Yes, most of the smaller engines are the same. The color, cowling, shifting mechanism and tilt mechanisms are/maybe different. I don't know exactly what years are interchangable tho.


----------



## lovedr79 (May 7, 2012)

sweet. from what i can atleast with my motor they appear to be the same. i was kind of shocked when i discovered that. and what a difference in some of the prices.


----------



## GYPSY400 (May 13, 2012)

My brand new 2011 mercury 30hp 2 stroke ( which is actually a 2006 when you google the model number) has " made in Japan" all over it when the cowl is off. 
Mercury and Tohatsu have had a joint venture for years, and evinrude is also working out a deal to have Tohatsu build their smaller ( non E-tec) motors to fill in the gap under 25hp.


----------



## lovedr79 (May 13, 2012)

Where did you find a 2-stroke at? I want one! This 20hp four stroke sucks. Kinda anemic for what I remember a 20 being.


----------



## GYPSY400 (May 13, 2012)

lovedr79 said:


> Where did you find a 2-stroke at? I want one! This 20hp four stroke sucks. Kinda anemic for what I remember a 20 being.
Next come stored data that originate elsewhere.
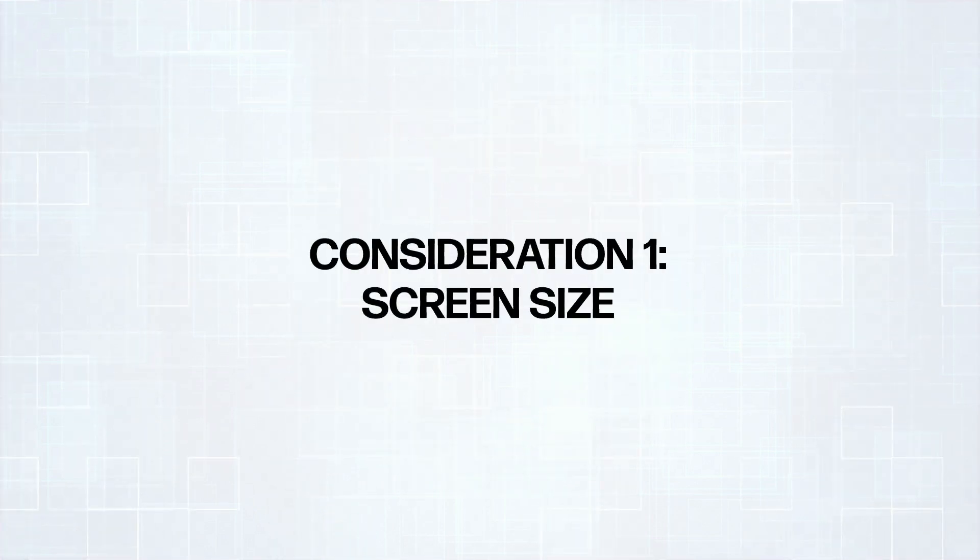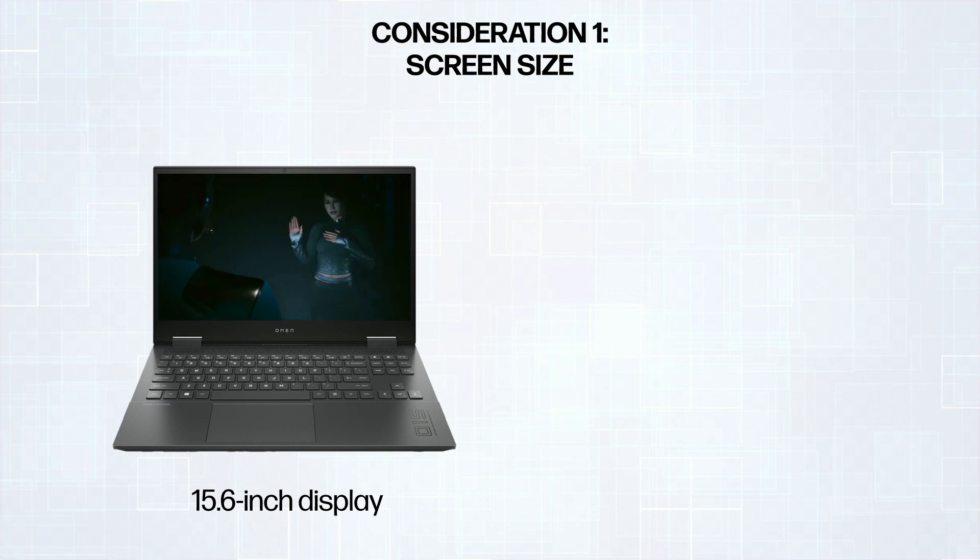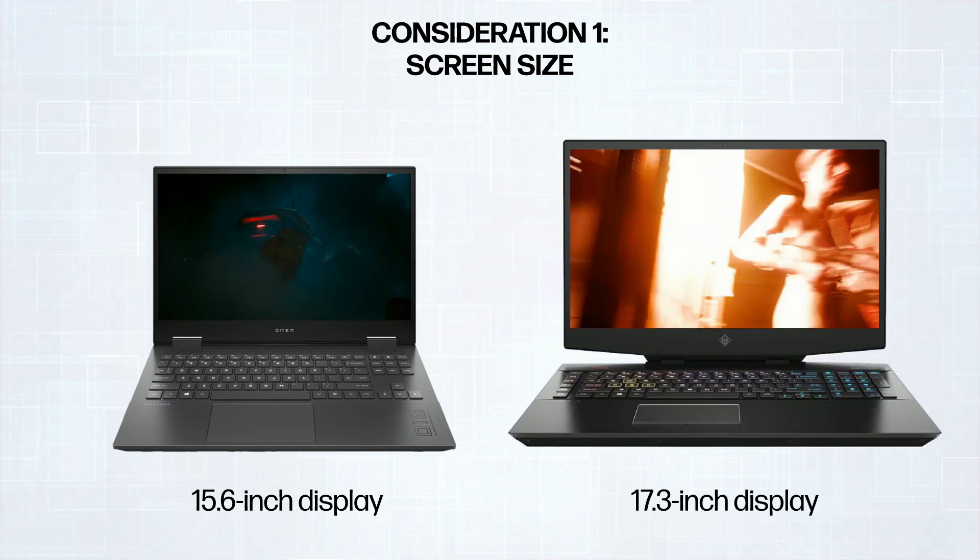You should first consider the screen size. Balancing portability and immersion, you can opt for a 15.6-inch to 17.3-inch display.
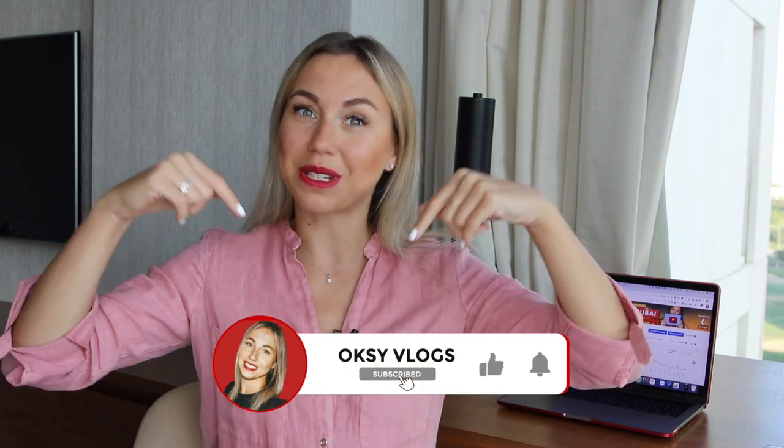Welcome to my channel. If this is your first time here and you would like to know more about life in Dubai, don't forget to hit the subscribe button and the notification icon so you will not miss anything.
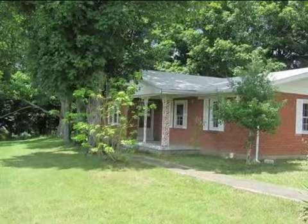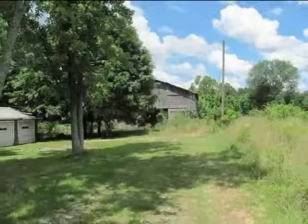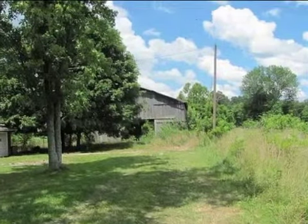This property is a 3 bedroom, 1 full bath home. The list price has recently been reduced to $109,900.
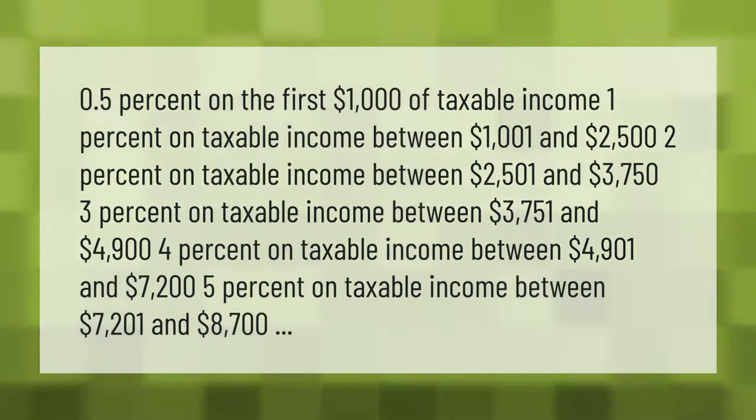Oklahoma income tax rates: 0.5% on the first one thousand dollars of taxable income; 1% on taxable income between $1,001 and $2,500; 2% on taxable income between $2,501 and $3,750; 3% on taxable income between $3,751 and $4,900; 4% on taxable income between $4,901 and $7,200; and 5% on taxable income between $7,201 and $8,700.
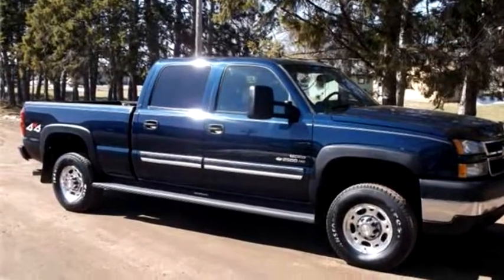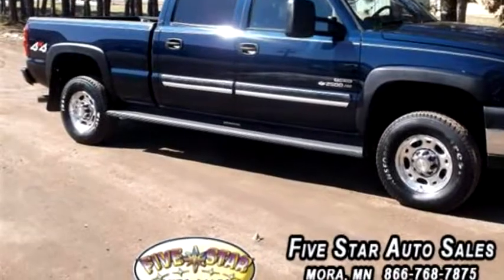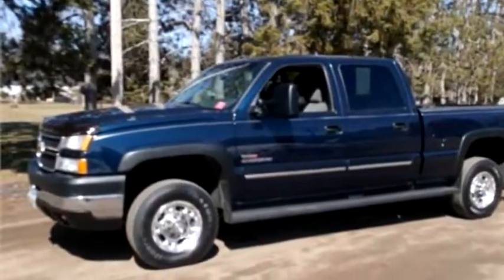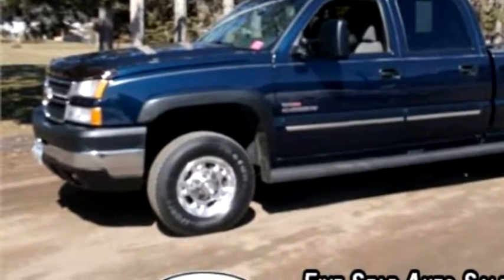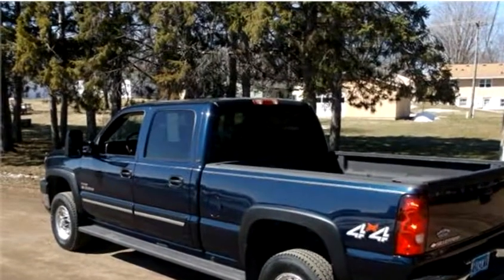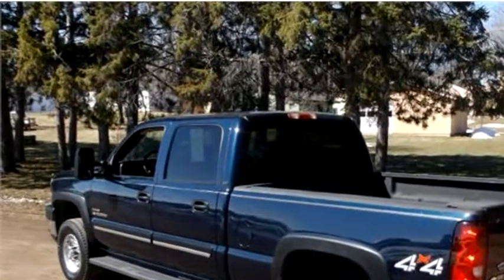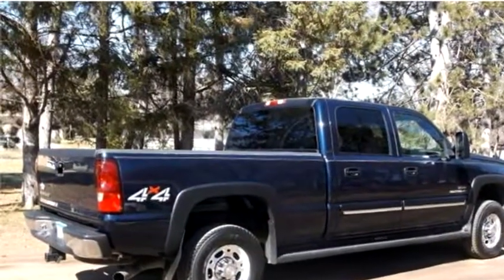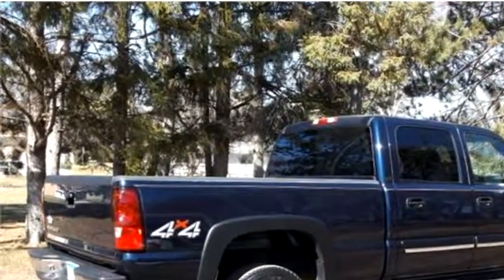5 Star Auto Sales proudly presents this 2006 Chevrolet Silverado 2500 Heavy Duty. The body style is four door. It has 4 doors, transmission is automatic, drivetrain is 4WD, exterior color is blue, and it has an 8-cylinder engine with an engine size of 6.6 liters.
My local dealer here in Sudbury still has some .. My understanding is that they bought a truck-load when the 2-strokes were being dis-continued back in 2006.. They had 15 of them when I bought my package last July. 
They were the only ones to offer 2-strokes, a $299 upgrade over the base engine 9.9 4S.. But they were trying to sell the 4-strokes at a $2799 upgrade.


----------